Armed groups raided two food aid warehouses of the Norwegian Refugee Council (NRC) that would have fed 23,000 people in two hard-to-reach areas in South Sudan, the aid organisation said, warning that the attacks came at a time humanitarian needs were increasingly in demand.
Looters attacked the NRC warehouses in Mirmir and Padeah, Unity State, in at least four incidents since the second week of February, the aid organisation said in a statement on Thursday, Feb. 24.
Witnesses told the NRC that the areas had become inaccessible due to different attacks on civilians and aid workers.
The NRC said it feared that more warehouses would be attacked which would deprive even more people in desperate need of aid.
The country, after gaining independence from Sudan in 2011, has been gripped by climate-related crises and clashes between government forces and a loose coalition of army defectors and ethnic militias, causing a dire humanitarian crisis.
Aid workers are increasingly being targeted and their facilities damaged as they try to help those most at risk.
Since the beginning of February alone, two aid workers were killed in separate incidents and with branded vehicles shot at.
The NRC said the attacks and looting of humanitarian aid “are unacceptable and severely limit the ability of aid workers to deliver assistance to the people who need it most.”
According to the United Nations humanitarian agency, more than 8.3 million people in South Sudan are expected to be in need of humanitarian assistance in the lean season of 2022, due to a worsening food insecurity that will drive more than half of the country into acute conditions.
The prevailing violence against aid workers is already hindering the humanitarian response, particularly in preparing supplies before the start of the rainy season, the NRC said.
Kennedy Mabonga, NRC’s Country Director in South Sudan, said the sharp rise in violence has forced aid workers to flee with their families with the aid organisation having to suspend its activities in some areas.
“We call on those involved in the violence, whether perpetrating it or encouraging it, to stop immediately.
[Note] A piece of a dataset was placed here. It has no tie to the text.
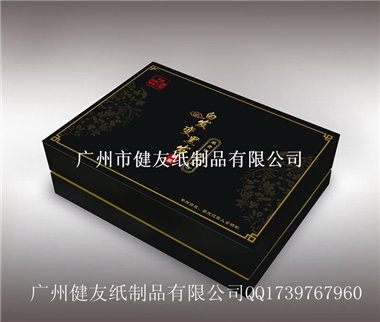 广州化妆品盒印刷价格,化妆品纸盒生产厂家,化妆品彩盒印刷订做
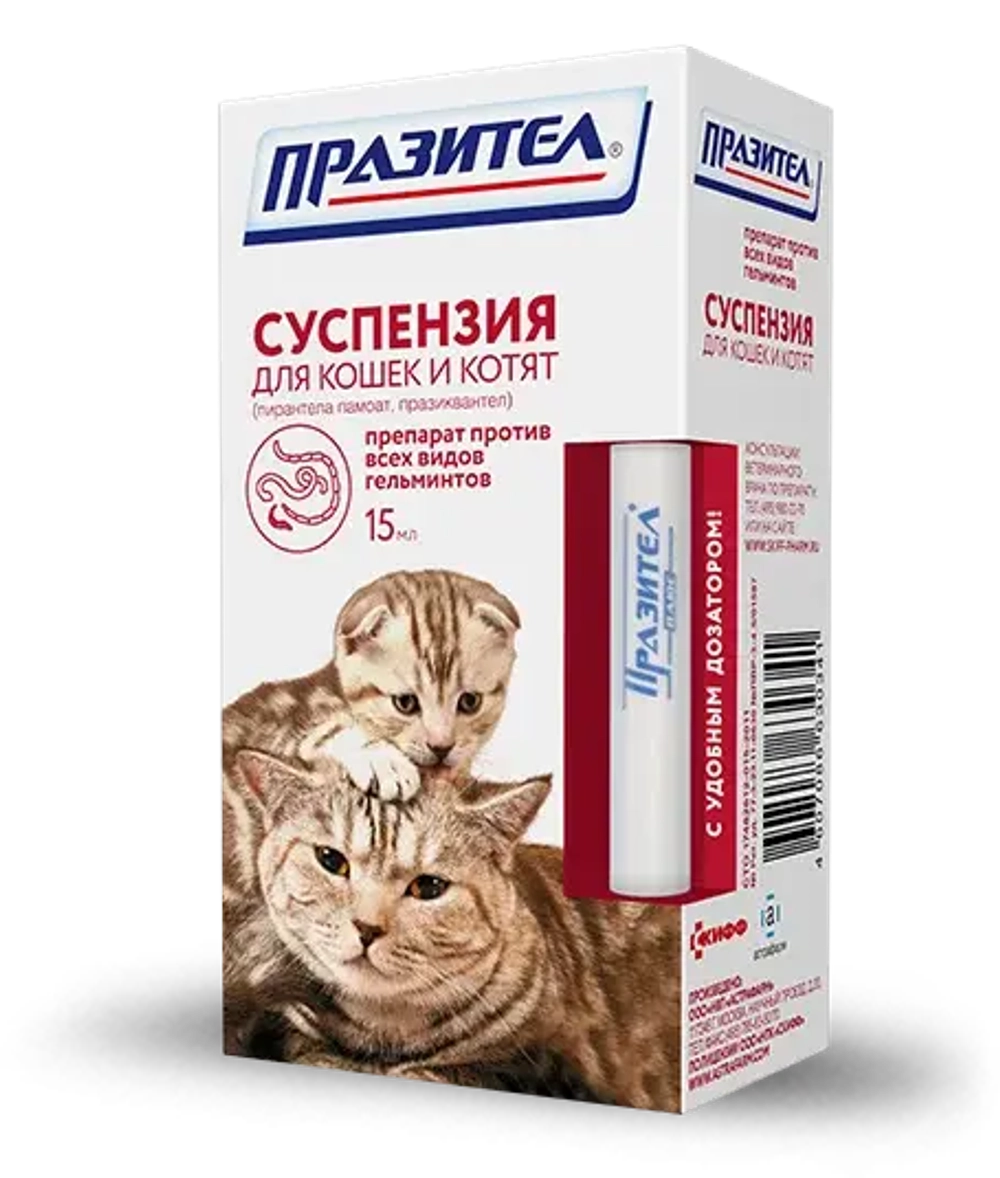 ПРАЗИТЕЛ ПЛЮС Суспензия от гельминтов для кошек и котят, 15 мл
We ask the government of South Sudan and local authorities to investigate these incidents with the utmost urgency and seriousness, to prevent any further attacks on aid workers and to ensure that we can reach the most vulnerable people with aid,” Mabonga said.
The NRC said it assisted more than 800,000 Sudanese in 2021 to support livelihoods and food security, education, information counselling and legal assistance, protection, shelter, water provision, building resilience among communities and emergency response to flooding and conflict related displacement.
In 2021, South Sudan was listed as one of the deadliest places to be an aid worker, according to data from the Humanitarian Outcomes Aid Worker Security Database.